[Date Prev][Date Next][Thread Prev][Thread Next][Date Index][Thread Index]

Re: A simpler proposal: PaceAtomIDAsString




Paul Hoffman / IMC wrote:



Greetings again. The earlier thread on atom:id made it clear that people really, really want to compare things consistently, and that using URIs might get in the way of that. Thus, I have made a simplifying proposal at <http://intertwingly.net/wiki/pie/PaceAtomIDAsString>.

It explicitly allows URIs for people who want URIs, and allows plain text for the rest of us.

According to the pace, it's not plain text for the rest of us, it's Unicode for the rest of us. If the comparison rules are to be character based over Unicode, that would suggest the Unicode encoding must also be specified so we know how many bytes are being used per character and so on. A 'string of Unicode characters' isn't sufficient by itself. Perhaps the Pace is using "character" in a non-Unicode sense (if so, that's confusing). If the intention is really to compare on Unicode characters/codepoints independent of the encoding scheme (ie along the lines of some kind of Unicode 'Infoset'), that needs to be said - it's certainly not plain text anymore.


But:

"Even if a particular atom:id instance looks like a URI, it SHOULD NOT be treated as one."

doesn't seem consistent with the idea that we can have URIs if we want. The pace is saying (to me) something along these lines "if it looks like a HTTP URL you shouldn't run GET on it; if it looks like a NewsML URI you shouldn't infer from the versioning bits". We have experience that suggests people will not be able to oblige themselves to this kind of constraint. IMO it should be struck.

Generally I'm concerned that we will use URI scheme structures to generate unique keys (they're handy for that) and thus end up with Unicode strings that look like URIs but are not supposed to be treated as URIs, ever where those URIs have comparison and normalization rules. I believe this is maximally surprising.

May I suggest this wording for the time being:


" The "atom:id" element's content conveys a permanent, globally unique identifier for the feed. It MUST NOT change over time, even if the feed is relocated. An atom:head element MAY contain an atom:id element, but MUST NOT contain more than one. The content of this element, when present, MUST be a string of Unicode characters encoded as UTF-8. When atom:id elements are compared, they MUST be compared on a character-by-character basis.


It is not a goal that atom:id be usable for retrieval of information.

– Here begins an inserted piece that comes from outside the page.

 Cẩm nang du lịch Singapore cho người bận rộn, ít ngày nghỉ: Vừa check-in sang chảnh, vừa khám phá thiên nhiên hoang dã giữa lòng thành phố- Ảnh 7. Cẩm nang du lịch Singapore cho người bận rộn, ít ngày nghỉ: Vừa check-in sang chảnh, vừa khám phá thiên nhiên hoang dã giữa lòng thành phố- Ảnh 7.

Historically, in syndication feeds, the detection of duplicates has been error-prone because of failure to assign identifiers which are globally unique and stable. Identifiers have been observed to change when a feed moved hosts or when an entry was reassigned to a different category or its title was edited. The management of globally unique and immutable identifiers requires prior planning and extra effort, but this is more than justified by the benefits of robust duplicate detection. "

Of course this begs the question - what if the Atom is encoded as UTF-16?

In all seriousness, perhaps I just don't understand the pace.

cheers
Bill